- Non-standard macros and special forms
- Making extra libraries and extensions available
- Binding forms for optional arguments
- Other binding forms
- Substitution forms and macros
- Conditional forms
- Record structures
- Other forms
Non-standard macros and special forms
Making extra libraries and extensions available
require-extension[syntax] (require-extension ID ...)
This is equivalent to (require-library ID ...) but performs an implicit import, if necessary. Since version 4.4.0, ID may also be an import specification (using rename, only, except or prefix).
To make long matters short - just use require-extension and it will normally figure everything out for dynamically loadable extensions and core library units.
require-library[syntax] (require-library ID ...)
This form does all the necessary steps to make the libraries or extensions given in ID ... available. It loads syntactic extensions, if needed and generates code for loading/linking with core library modules or separately installed extensions.
During interpretation/evaluation require-library performs one of the following:
- If ID names a built-in feature chicken srfi-0 srfi-2 srfi-6 srfi-8 srfi-9 srfi-10 srfi-17 srfi-23 srfi-30 srfi-39 srfi-55, then nothing is done.
- If ID names one of the syntactic extensions chicken-syntax chicken-ffi-syntax, then this extension will be loaded.
- If ID names one of the core library units shipped with CHICKEN, then a (load-library 'ID) will be performed.
- If ID names an installed extension with the syntax or require-at-runtime attribute, then the extensions is loaded at compile-time, probably doing a run-time (require ...) for any run-time requirements.
- Otherwise, (require-library ID) is equivalent to (require 'ID).
During compilation, one of the following happens instead:
- If ID names a built-in feature chicken srfi-0 srfi-2 srfi-6 srfi-8 srfi-9 srfi-10 srfi-17 srfi-23 srfi-30 srfi-39 srfi-55, then nothing is done.
- If ID names one of the syntactic extensions chicken-syntax chicken-ffi-syntax, then this extension will be loaded at compile-time, making the syntactic extensions available in compiled code.
- If ID names one of the core library units shipped with CHICKEN, or if the option -uses ID has been passed to the compiler, then a (declare (uses ID)) is generated.
- If ID names an installed extension with the syntax or require-at-runtime attribute, then the extension is loaded at compile-time, and code is emitted to (require ...) any needed run-time requirements.

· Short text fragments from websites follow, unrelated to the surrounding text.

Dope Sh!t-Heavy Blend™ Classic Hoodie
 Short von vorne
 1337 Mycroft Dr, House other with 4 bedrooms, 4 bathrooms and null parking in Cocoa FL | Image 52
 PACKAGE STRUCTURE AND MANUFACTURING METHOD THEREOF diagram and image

- Otherwise (require-library ID) is equivalent to (require 'ID).
ID should be a pure extension name and should not contain any path prefixes (for example dir/lib... is illegal).
ID may also be a list that designates an extension-specifier. Currently the following extension specifiers are defined:
- (srfi NUMBER ...) is required for SRFI-55 compatibility and is fully implemented
- (version ID NUMBER) is equivalent to ID, but checks at compile-time whether the extension named ID is installed and whether its version is equal or higher than NUMBER. NUMBER may be a string or a number, the comparison is done lexicographically (using string>=?).
use[syntax] (use ID ...)
use is just a shorter alias for require-extension.
require-extension-for-syntax[syntax] (require-extension-for-syntax ID ...)
An abbreviation for the idiom:
(begin-for-syntax (require-library ID ...)) ; load extension at expansion-time (import-for-syntax ID ...) ; import extension for use in syntax-transformers
use-for-syntax[syntax] (use-for-syntax ID ...)
use is just a shorter alias for require-extension-for-syntax (which is quite a mouthful).
Binding forms for optional arguments
optional[syntax] (optional ARGS DEFAULT)
Use this form for procedures that take a single optional argument. If ARGS is the empty list DEFAULT is evaluated and returned, otherwise the first element of the list ARGS. It is an error if ARGS contains more than one value.
(define (incr x . i) (+ x (optional i 1))) (incr 10) ==> 11 (incr 12 5) ==> 17
case-lambda[syntax] (case-lambda (LAMBDA-LIST1 EXP1 ...) ...)
Expands into a lambda that invokes the body following the first matching lambda-list.
(define plus (case-lambda (() 0) ((x) x) ((x y) (+ x y)) ((x y z) (+ (+ x y) z)) (args (apply + args)))) (plus) ==> 0 (plus 1) ==> 1 (plus 1 2 3) ==> 6
For more information see the documentation for SRFI-16
let-optionals[syntax] (let-optionals ARGS ((VAR1 DEFAULT1) ...) BODY ...)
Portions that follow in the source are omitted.